Thermal stability and possible phase transitions of the starting asphaltenes A0 and also of the isolated A1 and A2 fractions were assessed using combined thermogravimetry (TG) and differential scanning calorimetry (DSC) methods using the STA 449 CJupiter thermal analyzer (Netzsch, Germany) in the argon atmosphere with total flow of 50 ml/min in the temperature range of 30–800°C. The heating rate was 10°C/min. The weight of the sample was 6–7 mg.

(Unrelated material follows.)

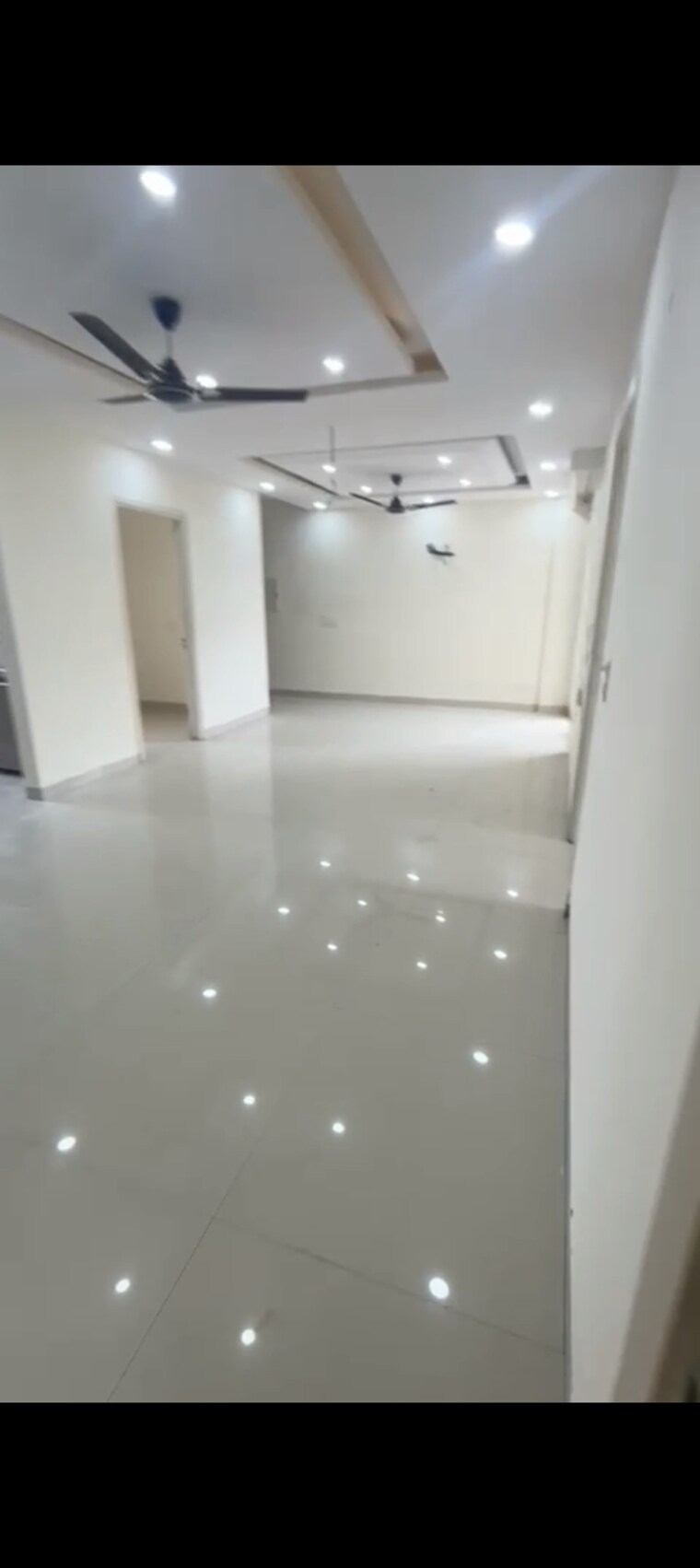 Room, la-prisma 3.5 Bedroom 1940 Sq.Ft. Apartment In Dhakoli Zirakpur 9648149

Measurements of the stable free radical (SFR) and vanadyl complexes (VC) contents were carried out using the SE/X-2544 EPR spectrometer (RadioPan, Poland) under the same conditions at room temperature. At determination of SFR and VC contents in the studied samples ampoules with 3 mm inner diameter out of molybdenum glass that did not produce a visible signal in the EPR spectrum were used. The ampoules were densely filled with asphaltenes 13–14 mm in height. The intensity of the stable free radical line was determined using the amplitude of the single line in the EPR spectrum center (g = 2.003). In order to calculate the intensity of the vanadyl complexes lines the amplitude of the +1/2 line that is near the SFR line in the weaker magnetic field area was determined. The intensity of the SFR and VC signals of the studied samples was discounted to the sample weights.

Vanadium and nickel concentrations in oils and asphaltenes were measured by means of direct flame atomic absorption spectrometry using AAS-1 N spectrophotometer (Carl Zeiss Jena, Germany), with approved standard samples of metal concentration in oil products used as blank solutions.

The experimental displacements of the model oils A0, A1 and A2 in the porous medium by n-hexane were carried out using a 3 × 100 cm glass column wherein the oil + sand mixture (fraction 0.25–0.35 mm, oil saturation 10%). Further, the 3 pore volumes of hexane at 20°C were passed by injecting the solvent through the upper opening of the tube at the constant excess pressure of 1563.1 Pa (0.0154 atm) provided by stable liquid level in the metering vessel, and 5 cm3 samples were sampled. After 3 pore volumes of hexane were passed, additional displacement of the residual oil from the model was carried out by hexane until full disappearance of coloration of the solvent passing through the column (Extract 1). The asphaltene concentrates precipitated in the porous volume were extracted by washing (extraction) from the column by tetrachloromethane (Extract 2). Then the solvent was evaporated from Extract 2, the remainder was dried in vacuo until constant weight and was dissolved in small amount of toluene for further isolation of asphaltenes by 20-fold excess n-hexane. The general scheme of experiments on the displacement of model oils is outlined in Figure 1.

Figure 1.

The general scheme of experiments on the displacement of model oils.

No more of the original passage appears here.